* **Aim of the task**
Pictures excluded, copy every record that follows exactly as it appears.

* **Records for this exercise**
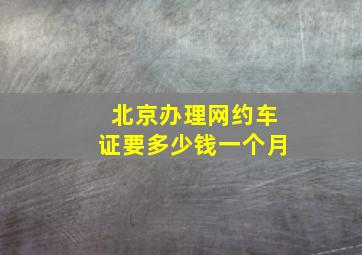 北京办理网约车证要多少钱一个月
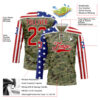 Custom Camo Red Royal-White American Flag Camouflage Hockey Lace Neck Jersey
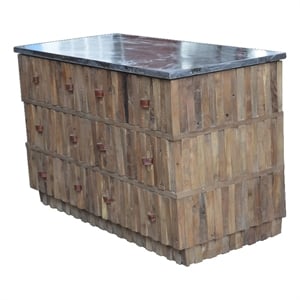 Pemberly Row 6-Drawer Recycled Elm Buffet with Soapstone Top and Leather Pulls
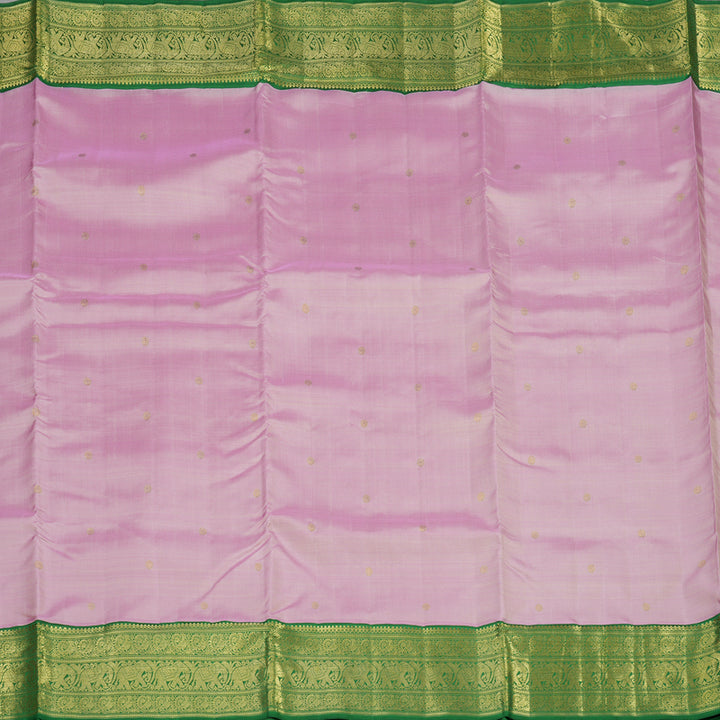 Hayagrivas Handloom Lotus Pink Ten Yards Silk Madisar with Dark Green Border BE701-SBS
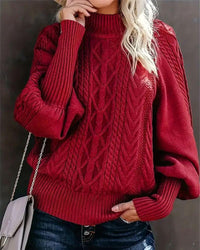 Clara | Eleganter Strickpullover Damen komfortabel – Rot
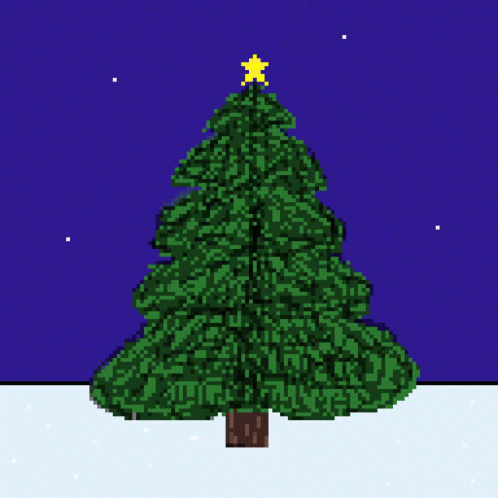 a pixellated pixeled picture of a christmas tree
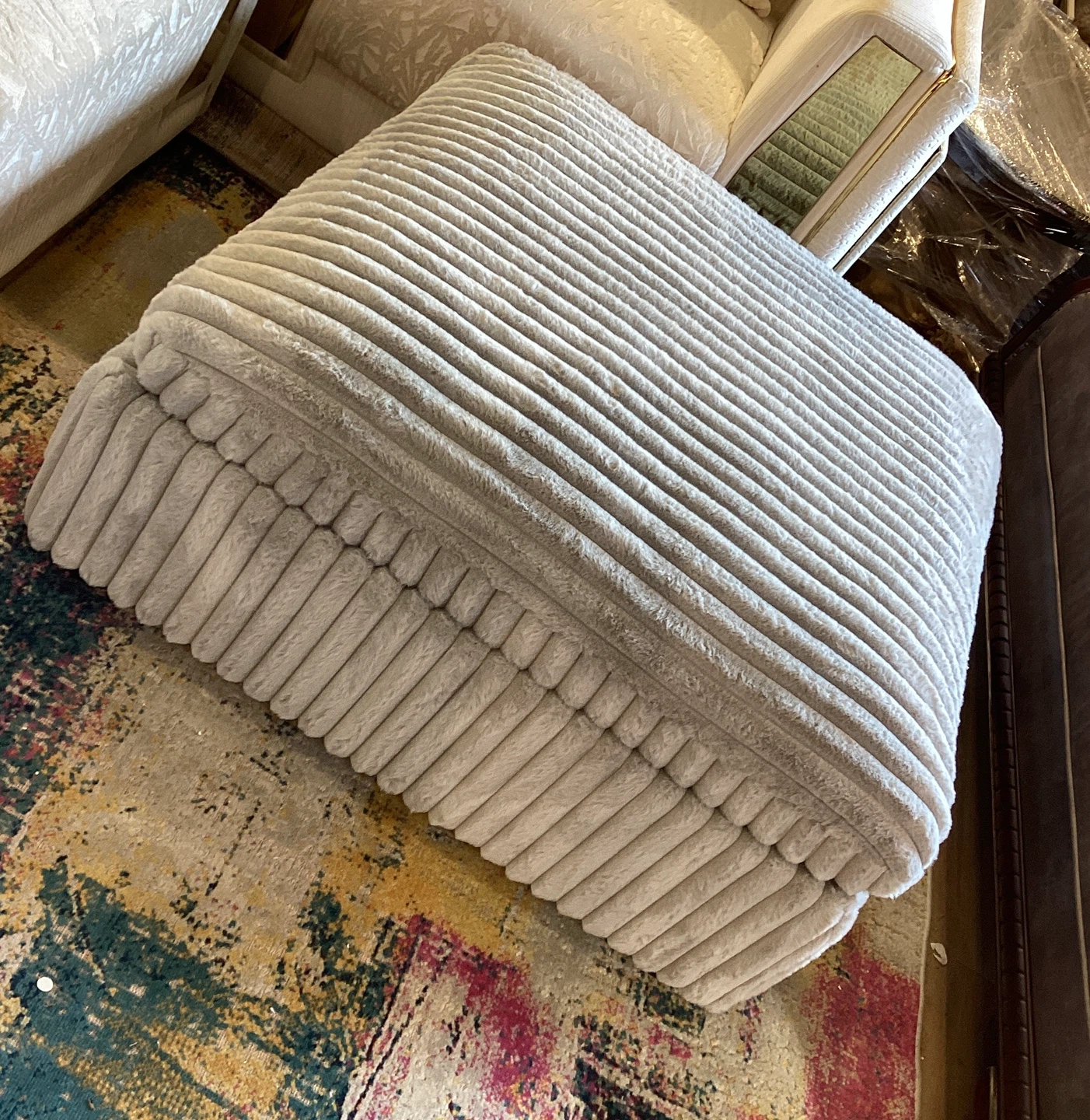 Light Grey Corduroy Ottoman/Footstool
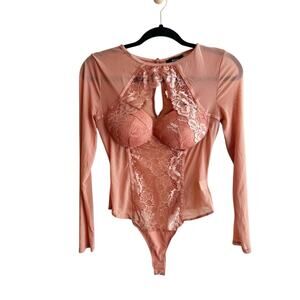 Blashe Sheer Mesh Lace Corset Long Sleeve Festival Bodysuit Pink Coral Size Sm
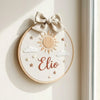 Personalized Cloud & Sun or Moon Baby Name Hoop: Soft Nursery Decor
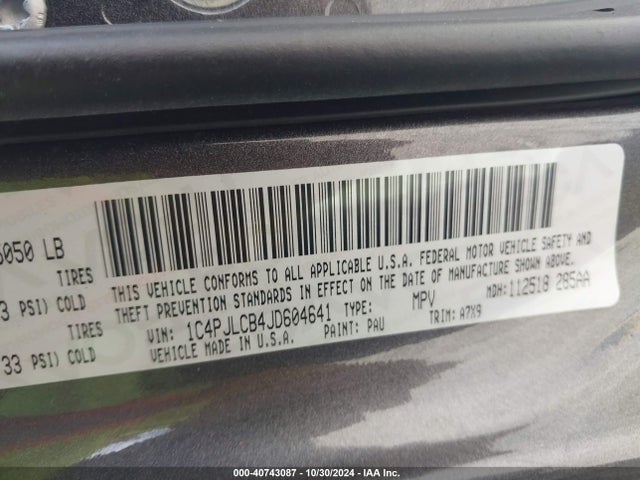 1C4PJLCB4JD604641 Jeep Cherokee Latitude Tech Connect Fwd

* **Written answer**
 北京办理网约车证要多少钱一个月
 Custom Camo Red Royal-White American Flag Camouflage Hockey Lace Neck Jersey
 Pemberly Row 6-Drawer Recycled Elm Buffet with Soapstone Top and Leather Pulls
 Hayagrivas Handloom Lotus Pink Ten Yards Silk Madisar with Dark Green Border BE701-SBS
 Clara | Eleganter Strickpullover Damen komfortabel – Rot
 a pixellated pixeled picture of a christmas tree
 Light Grey Corduroy Ottoman/Footstool
 Blashe Sheer Mesh Lace Corset Long Sleeve Festival Bodysuit Pink Coral Size Sm
 Personalized Cloud & Sun or Moon Baby Name Hoop: Soft Nursery Decor
 1C4PJLCB4JD604641 Jeep Cherokee Latitude Tech Connect Fwd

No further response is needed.